Inutile girarci intorno. Renzi ha stravinto anche la partita di Porta a Porta. Arbitro l’accattivante Vespa e contendenti molto compiacenti. Soprattutto Nosferatu Sallusti, acido con tutti tranne che con Matteo. Devo dire che Renzi è stato anche convincente. Almeno a nostro avviso. Vediamo perché. Sui mesi passati non si può di che il suo governo non abbia concluso nulla: il decreto Poletti sul lavoro, gli ottanta euro per dieci milioni di italiani sottratti alle banche nell’operazione plusvalenze azionarie di Banca Italia, il taglio del dieci per cento dell’odiosa Irap, il tetto agli stipendi e alle pensioni, il pagamento dei debiti della pubblica amministrazione (secondo i dati 31 miliardi a fine agosto sui 50 complessivi), l’avvio della riforma del Senato, l’abolizione dei Consigli e delle giunte provinciali (questi due giusti procedimenti potevano avere un contenuto anche diverso). Molte altre cose restano da fare. Anzi, quel che resta da fare è forse assai più urgente di quel che si è fatto.

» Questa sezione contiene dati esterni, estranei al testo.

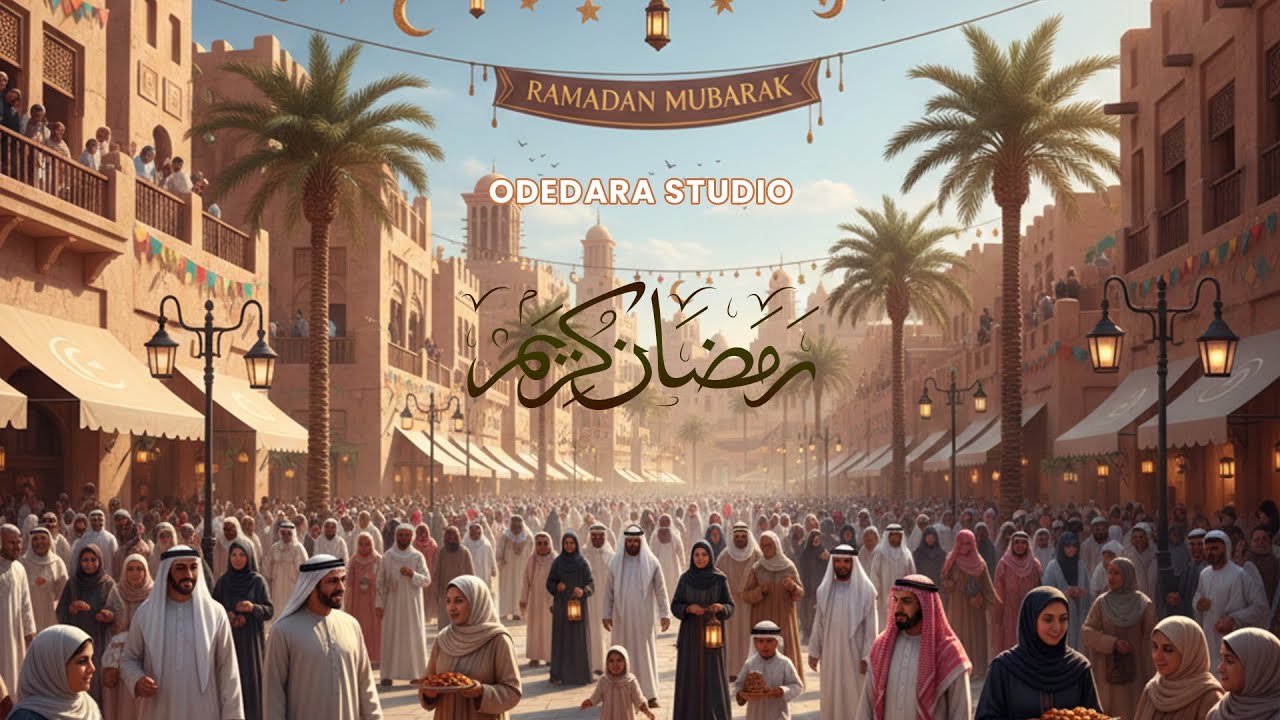 How AI Is Changing Ramadan Advertising | Creative Experiment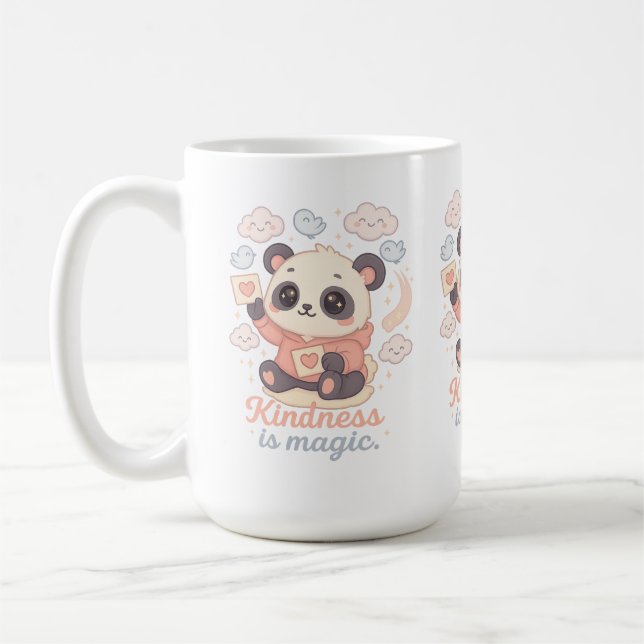 Pippa le genre Panda - Manifestation Mug (Gauche)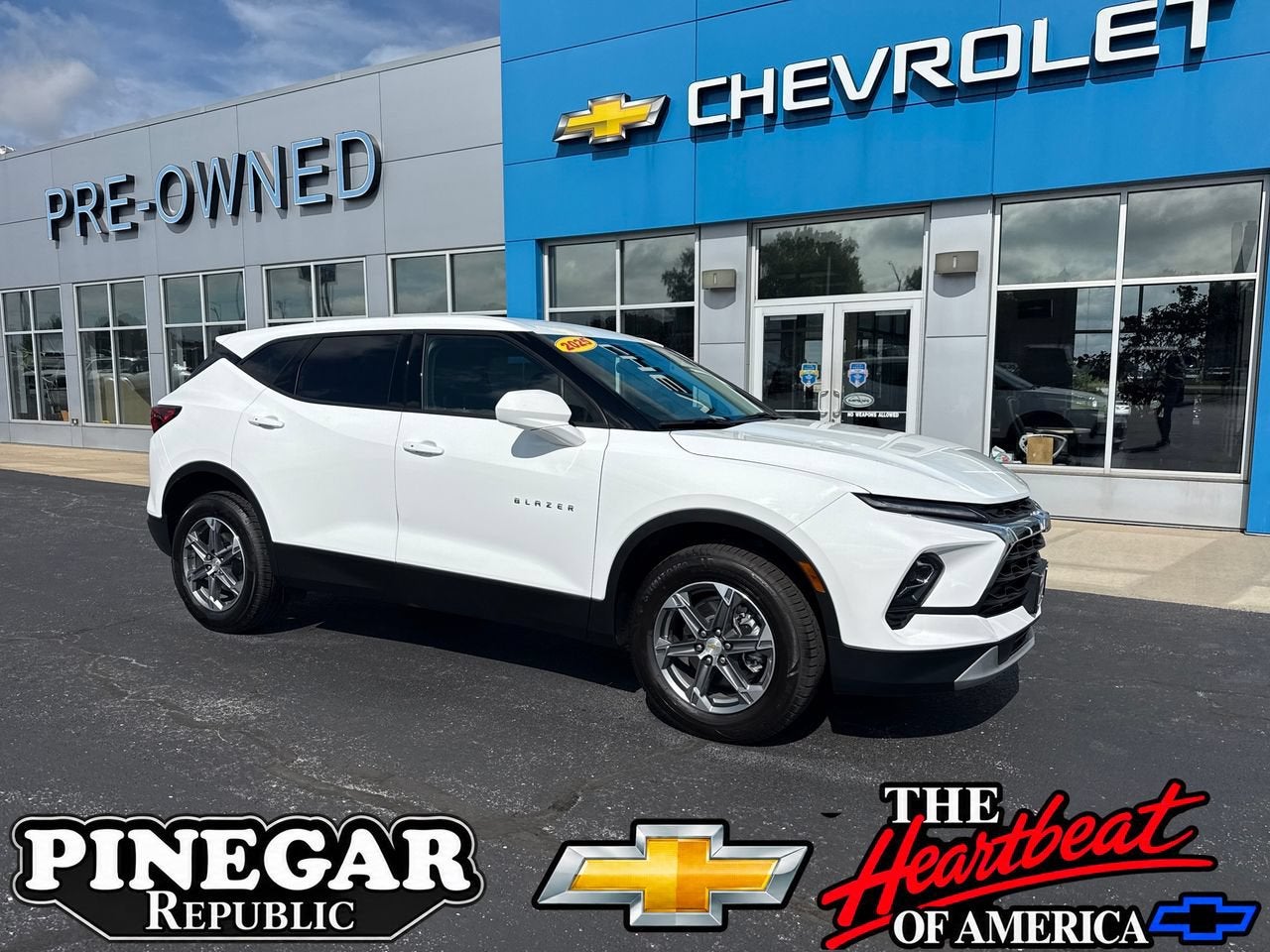 2025 Chevrolet Blazer 2LT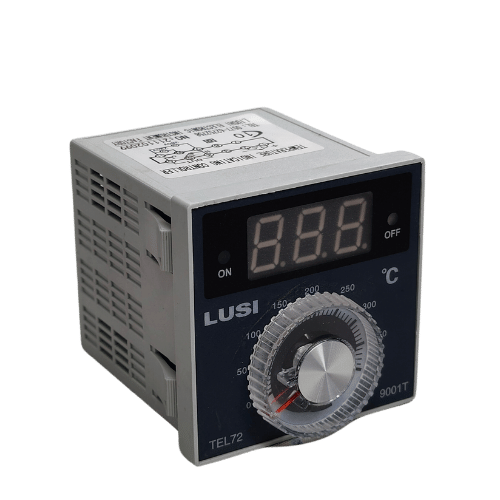 LIUSHI Digital Temperature Gauge 7×7 for Deck Oven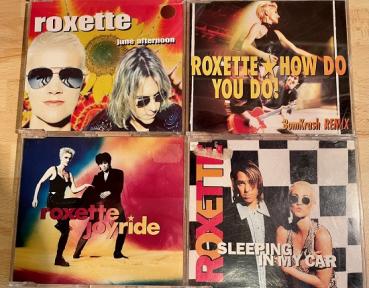 4 CD Maxi Single Roxette June Afternoon How Do You Do Joyride Sleeping in my car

Vediamo le intenzioni. Quando Renzi risponde alla casta dei magistrati affermando ‘brr, che paura”, a fronte delle resistenze continue a qualsiasi innovazione, vedasi la questione delle ferie e quella degli alti stipendi, ma anche quella più politica della responsabilità civile, noi non possiamo che essere con lui. Quando sostiene che è giusto discutere con le forze di polizia per verificare la possibilità di superare il blocco degli stipendi, ma risponde a muso duro a chi minaccia uno sciopero illegale e anticostituzionale, noi non possiamo che essere con lui. Quando lancia la parola d’ordine del merito come una prerogativa di sinistra, e ritiene che anche nella pubblica amministrazione a parità di lavoro si possano percepire emolumenti diversi a seconda delle capacita e dei risultati, figurarsi cosa possiamo pensare noi che con Claudio Martelli lo abbiamo teorizzato trentadue anni fa.

Dispiace semmai che Renzi pensi di essere il primo a parlarne. Ma noi siamo abituati ad essere dimenticati. Con l’Avanti esistiamo anche per gettare qualche cono di luce in questa collettiva perdita di memoria. Insisto. Quando Renzi pensa al modello tedesco per quanto riguarda il mercato del lavoro, cioè a quell’insieme di provvedimenti messi in atto dal socialdemocratico Schroeder, noi non possiamo che essere con lui. Quando annuncia nella prossima finanziaria una manovra che abbassi le tasse sul lavoro prelevando le risorse dal taglio della spesa, noi possiamo forse essere contrari?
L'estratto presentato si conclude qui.